What sparked the idea to create Todd Patrick?
The spark behind Todd Patrick came as a result of not knowing what to do. After graduating from college where I played Division I basketball, I moved to New York and was contracted to play in Italy. For better or worse, the deal fell through and I began searching for my passion. Coming from Michigan, we do have our own unique sense of style, but the city of New York was my biggest inspiration in wanting to create clothes rather than just buying them. I didn’t have any connections, so I really put my head down and learned how to build a brand from the ground up.
Tell us more about your experience dressing NFL players.
Their physiques are very unique, one client had a 32-inch waist and a 29-inch thigh, for example, so it was difficult to just go into a department store and find something for bigger or different shapes. I eventually started making the pieces that I couldn’t find, not only because of the lack of sizes, but the lack of style men’s plus-sized clothing offered. After designing and sourcing garments for clients, I eventually began creating bespoke clothing for bigger men.

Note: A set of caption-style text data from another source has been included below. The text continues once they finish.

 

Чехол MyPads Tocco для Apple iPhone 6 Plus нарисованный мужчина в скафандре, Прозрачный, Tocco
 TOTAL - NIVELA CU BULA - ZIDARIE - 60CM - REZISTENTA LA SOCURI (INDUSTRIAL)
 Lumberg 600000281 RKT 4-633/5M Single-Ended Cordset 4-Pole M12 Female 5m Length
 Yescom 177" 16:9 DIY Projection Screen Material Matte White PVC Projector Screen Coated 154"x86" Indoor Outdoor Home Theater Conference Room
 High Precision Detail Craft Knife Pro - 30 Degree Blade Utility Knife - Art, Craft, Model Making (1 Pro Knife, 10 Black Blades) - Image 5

Would you consider the luxury space to be homogenous, in terms of race and gender?
Definitely. Often times, people ask us why we’re designing menswear as women, but no one questions the men designing women’s clothes. And I’m not sure if it’s because there is a lack of women in the menswear industry, but it is not that farfetched for us to be creating clothes for men. We’re in a time when fashion is becoming much more fluid, when women are borrowing from the boy’s section and vice versa, so it shouldn’t be so surprising for us to own a menswear brand.

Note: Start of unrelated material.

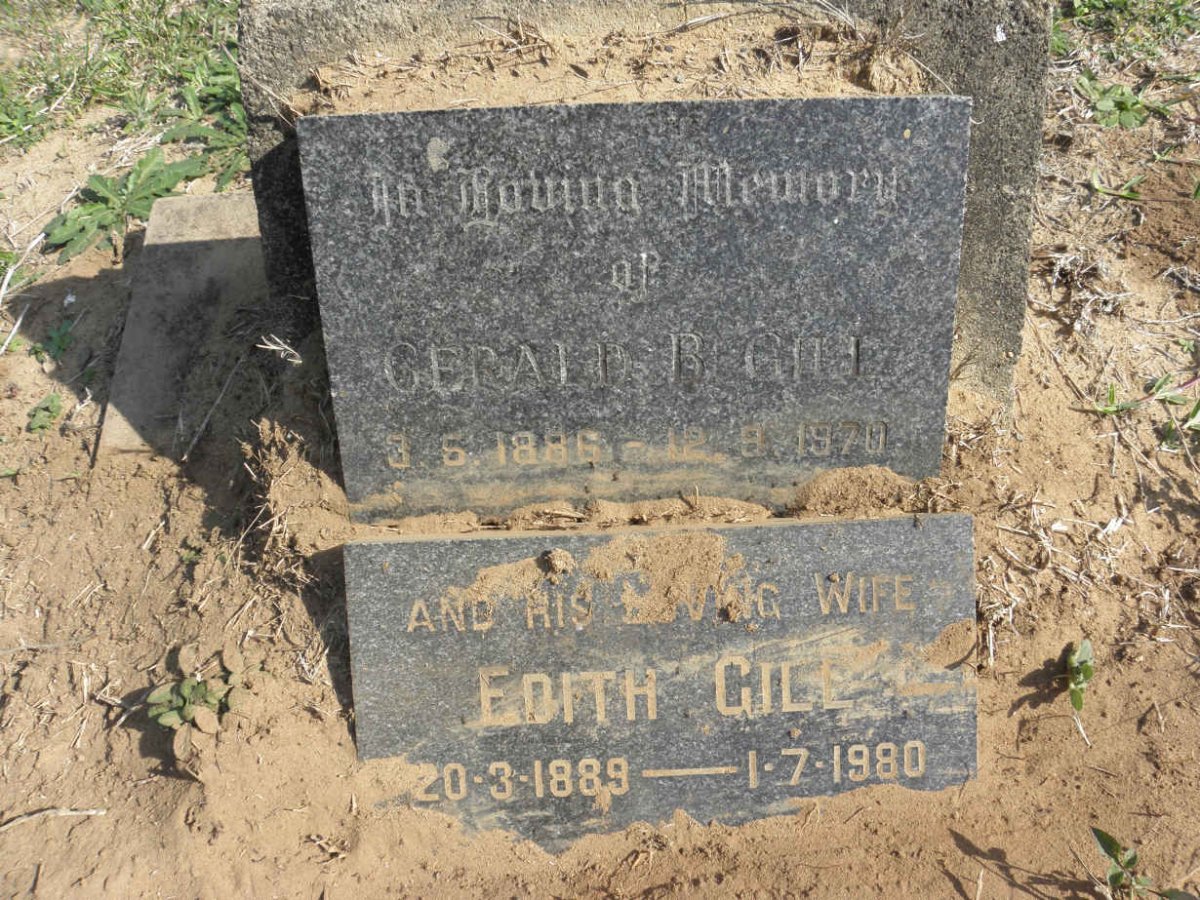 GILL Gerald B. 1886-1970 &amp; Edith 1889-1980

What value does being a woman creative director of a luxury menswear brand add to the space?
Women offer a different perspective and truthfully, a woman’s touch is needed in the space. I think that we provide a lot of inspiration and culture for a lot of things, and we should be spearheading those projects.
What are your personal fashion inspirations and icons?

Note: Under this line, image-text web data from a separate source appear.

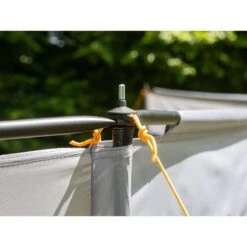 Paravent De Camping Bora - Brise-Vue - 4,5 X 1,4 M - Résistant Au Vent - Gris -Matériel De Camping paravent de camping bora brise vue 45 x 14 m resistant au vent gris 5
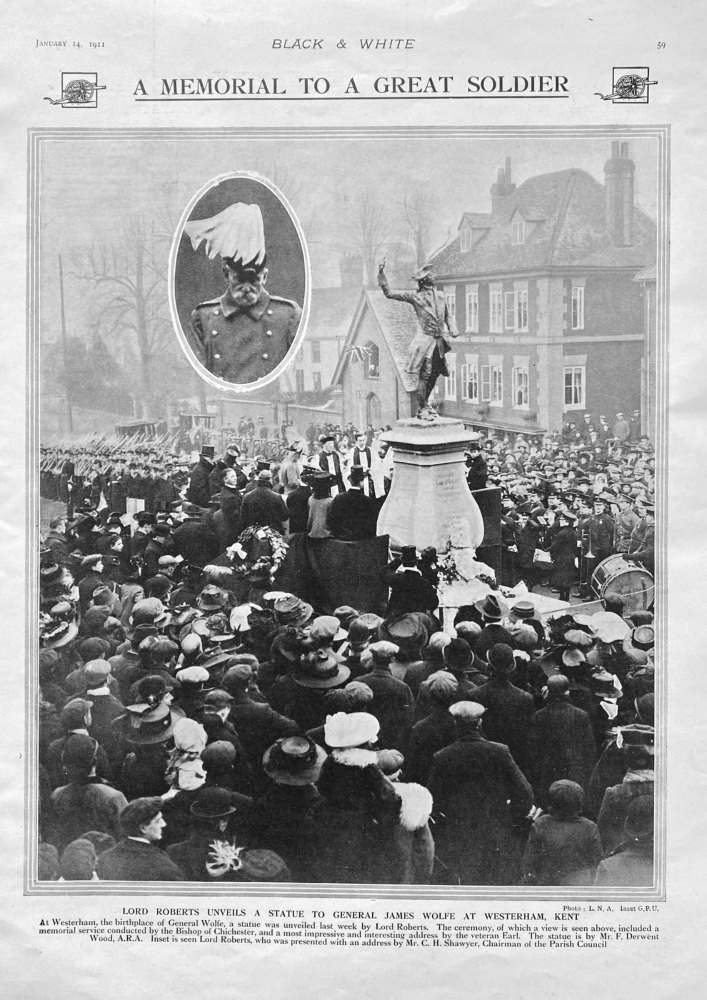 A Memorial to a Great Soldier.  1911.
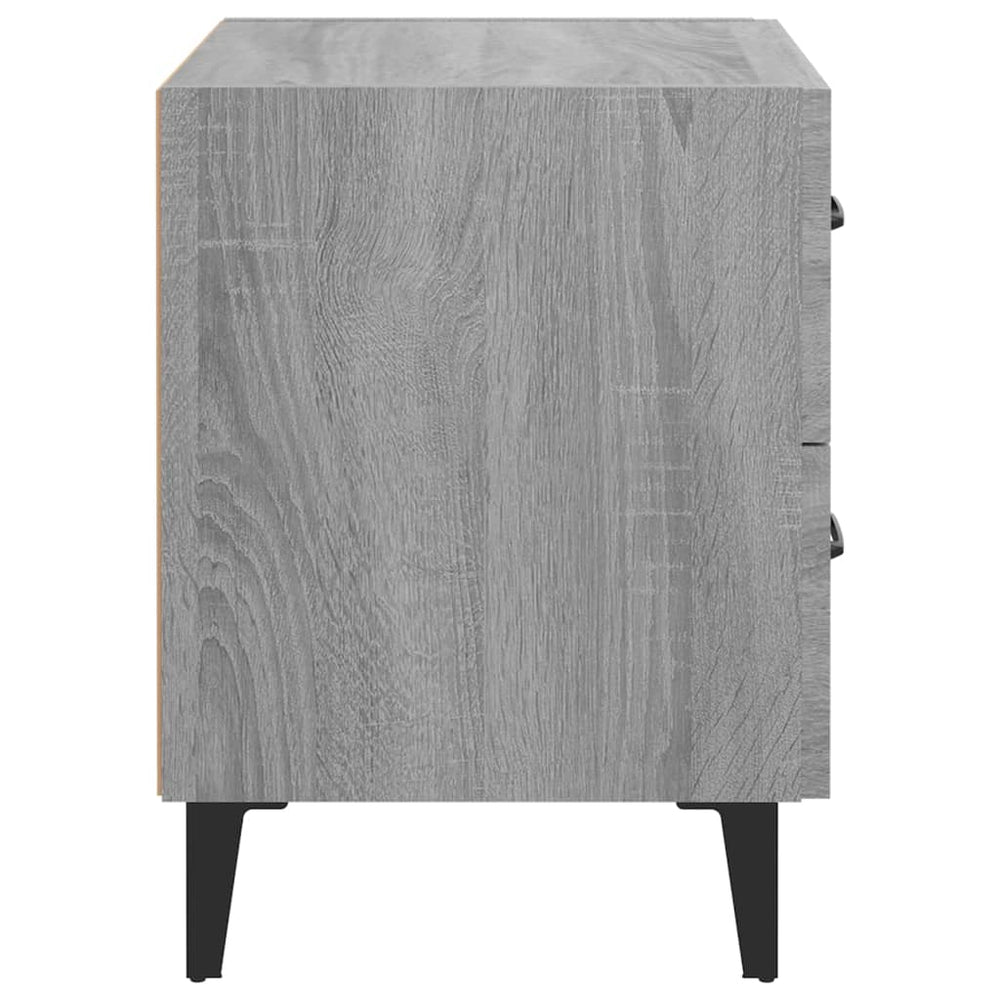 Nachtkastje 40x35x47,5 cm grijs sonoma eikenkleurig MeubelReus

Black cinema is my fashion inspiration if I had to pinpoint something, as I’m a movie buff. I really look to vintage international suiting. In the past, it seemed like men were more okay with wearing flamboyant clothes and rather than hiding behind fragile masculinity, they wore clothes to express themselves. My goal is to have one of those brands where someone can look at our pieces 20 years in the future and still want to wear them.
As people are beginning to experiment more with fashion across genders, do you think Todd Patrick will be a pioneer in gender-fluid clothing as well as size inclusivity?
Definitely, we’re constantly innovating, and trying to push the envelope, while keeping it classic. We also offer up to a size 44, which not many luxury brands do. We want to make sure that we’re making clothes for the big boys because this space is for them. We want to make fly clothes for everyone.
What kind of man wears Todd Patrick?
I envision a young, hip and self-aware man wearing our clothes, almost a modern-day sex symbol. Someone who is inspired by icons like Prince and Jimi Hendrix, but is as comfortable in a bespoke suit as they are in sweatpants.
Can you tell us about your latest collection “Sunday Blues”?
Our Fall/Winter 2022 collection is inspired by a relaxed yet intimate club, or when you’re lounging on a Sunday by the record player. We played with a lot of browns, navy blues as well as yellow. We’re venturing into knit sweaters, not to mention this is the first time we’re producing denim.
What can we expect from Todd Patrick in the future?
We want everyone to wear Todd Patrick, but we’re not going to jeopardize our voice for it. We’re not fast fashion, but we want to further grow our brand and eventually have our own runway show.